The only thin logic I can see for this is that the level of turnout is different for each type of election, and Panelbase might think that this somehow makes 2010 recall most appropriate for Westminster elections, 2011 recall most appropriate for Holyrood elections, and so on. But if that is the reasoning, why do they taint their Holyrood weighting by adding on European Parliament recalled vote weighting as well? Presumably it's because they intuitively feel that 2011 recall is leading to the SNP being weighted up too much, and there needs to be some counterbalance. Why, then, do they not feel any need for a similar counterbalance to the obviously silly amount by which the SNP have been downweighted in Westminster voting intention?

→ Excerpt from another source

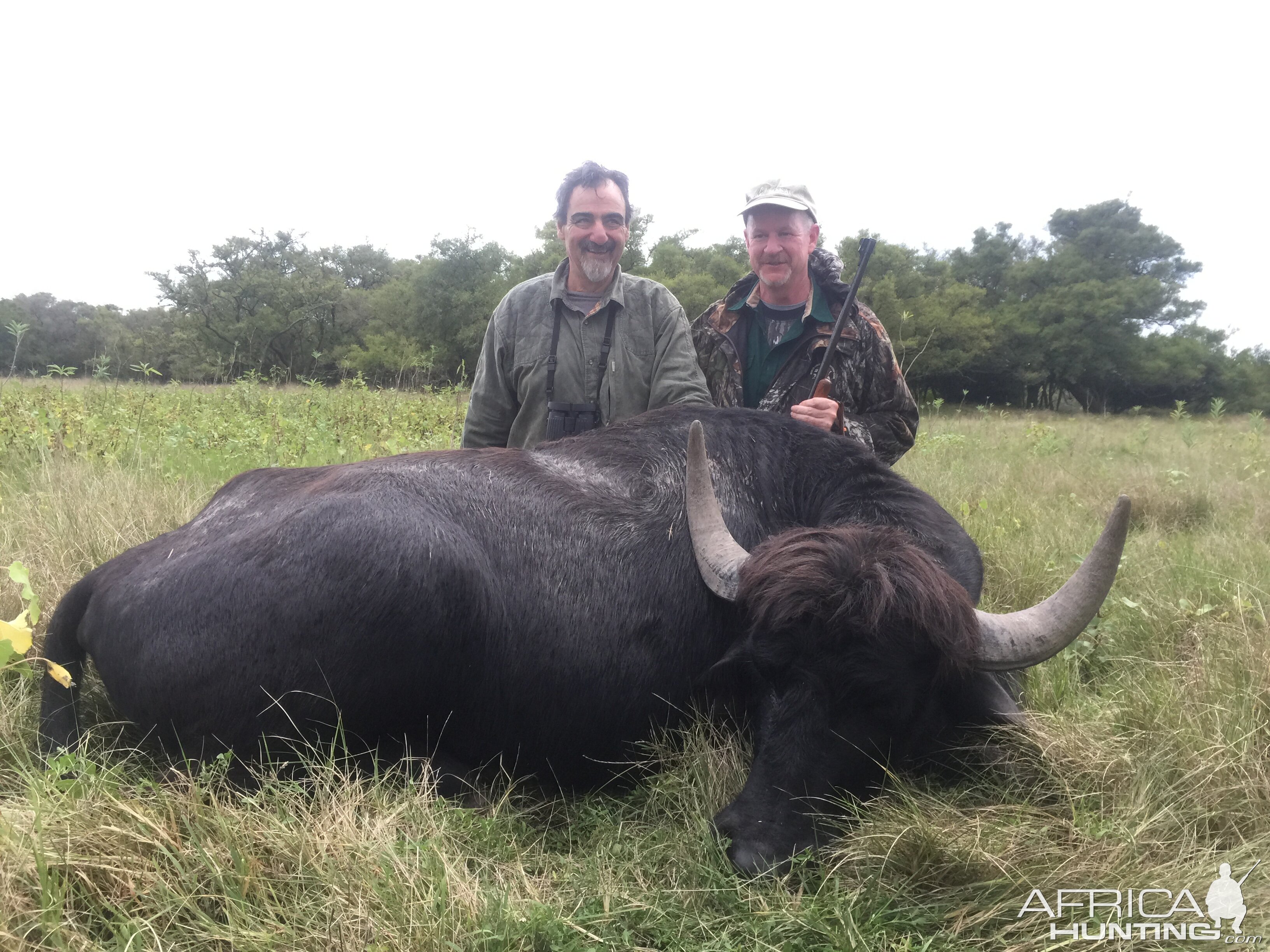 Argentina Hunt Water Buffalo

It just doesn't make any sense.
It's important to note, though, that 2010 weighting doesn't in itself explain away the fact that the SNP's Westminster lead in the Panelbase poll is lower than it has been in most recent Scottish subsamples of GB-wide polls, because those polls are also generally weighted either by 2010 vote or by something very similar (albeit the weighting occurs at a GB-wide rather than Scottish level).
Incidentally, the long sequence of subsamples putting the SNP in the lead has now been broken - a Populus poll conducted yesterday and the day before puts the party on 35%, three points behind Labour. But today's YouGov subsample, which has identical fieldwork dates to Populus, continues to show the SNP in the lead, albeit by a relatively narrow 39% to 35% margin.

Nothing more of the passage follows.